WORK TO BE COMPLETED >> In the copy of the lines below, leave out pictures and print everything else exactly.

DATASET EXTRACT >>
━━━━

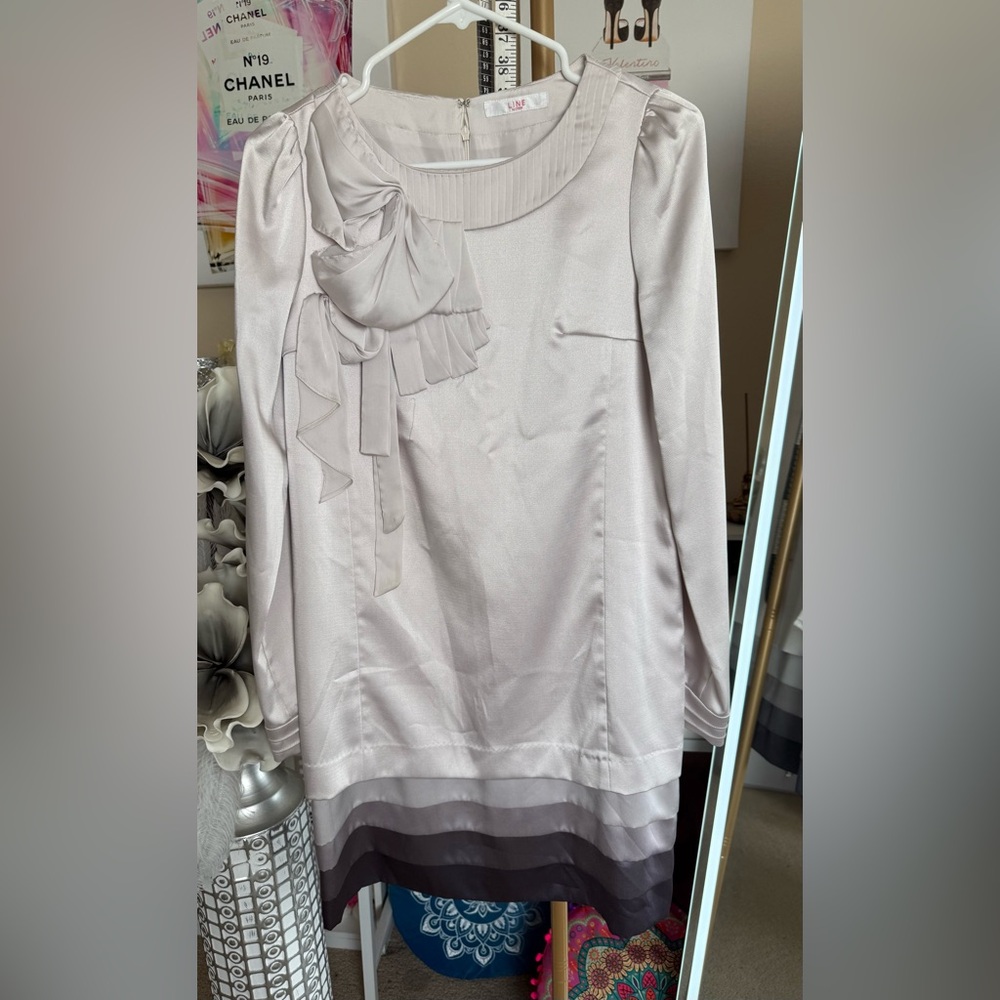 Elegant Gray Long Sleeve Blouse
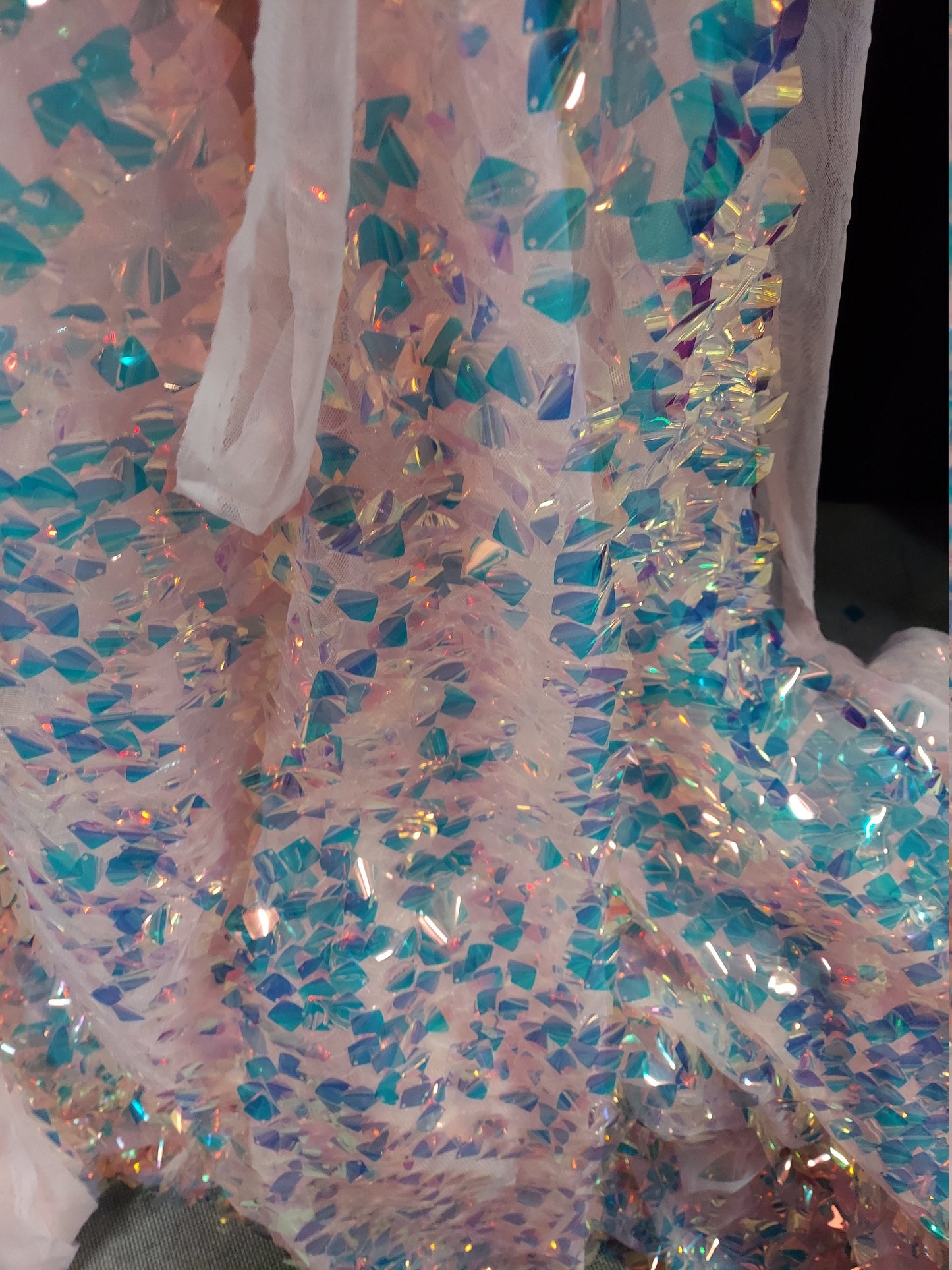 ad Square Dazzle Dangling & Mesh Sequin Fabric Width 52'' sold by yard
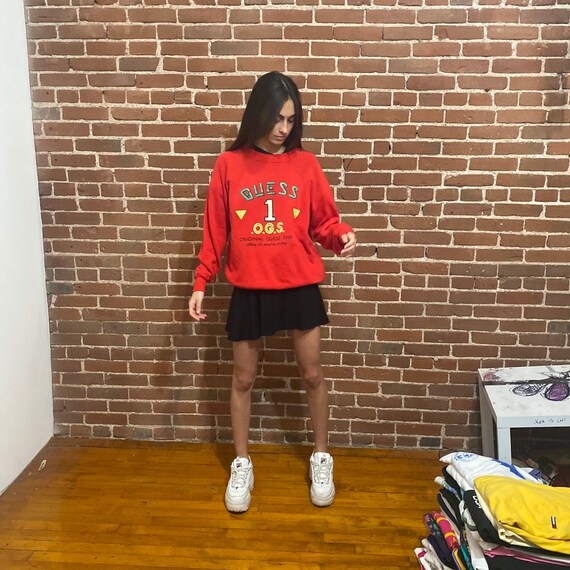 guess red sweatshirt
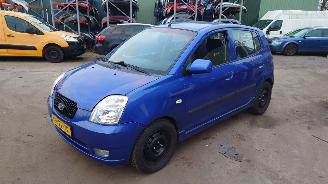 Uttjänta bilar auto Kia Picanto 2006 1.0 12v G4HE Blauw T3 onderdelen 2006/11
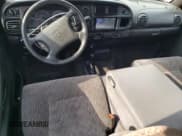 ✅ 2001 Dodge 2500 • VIN: 3B7KF23661G215740 • Lot: 70386685. Wystawiony na Copart z przebiegiem 264 543 mil. Bezpłatny archiwum sprzedaży aukcyjnych z USA i szczegółowy raport historii pojazdu na DreamBid. Zdjęcie 8.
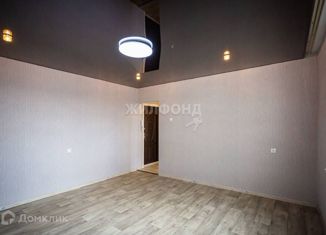 Продажа 1-комнатной квартиры, 30 м2, Новокузнецк, улица Ленина, 95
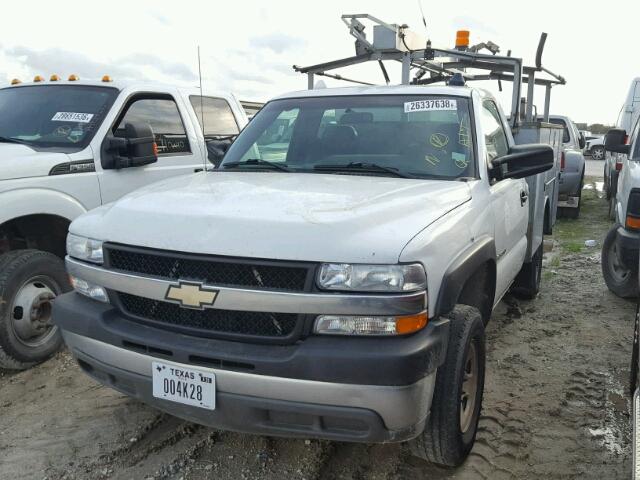 1GBHC24U12Z204795 - 2002 CHEVROLET SILVERADO WHITE photo 2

━━━━

RESPONSE TO THE TASK >>
 Elegant Gray Long Sleeve Blouse
 ad Square Dazzle Dangling & Mesh Sequin Fabric Width 52'' sold by yard
 guess red sweatshirt
 Uttjänta bilar auto Kia Picanto 2006 1.0 12v G4HE Blauw T3 onderdelen 2006/11
 ✅ 2001 Dodge 2500 • VIN: 3B7KF23661G215740 • Lot: 70386685. Wystawiony na Copart z przebiegiem 264 543 mil. Bezpłatny archiwum sprzedaży aukcyjnych z USA i szczegółowy raport historii pojazdu na DreamBid. Zdjęcie 8.
 Продажа 1-комнатной квартиры, 30 м2, Новокузнецк, улица Ленина, 95
 1GBHC24U12Z204795 - 2002 CHEVROLET SILVERADO WHITE photo 2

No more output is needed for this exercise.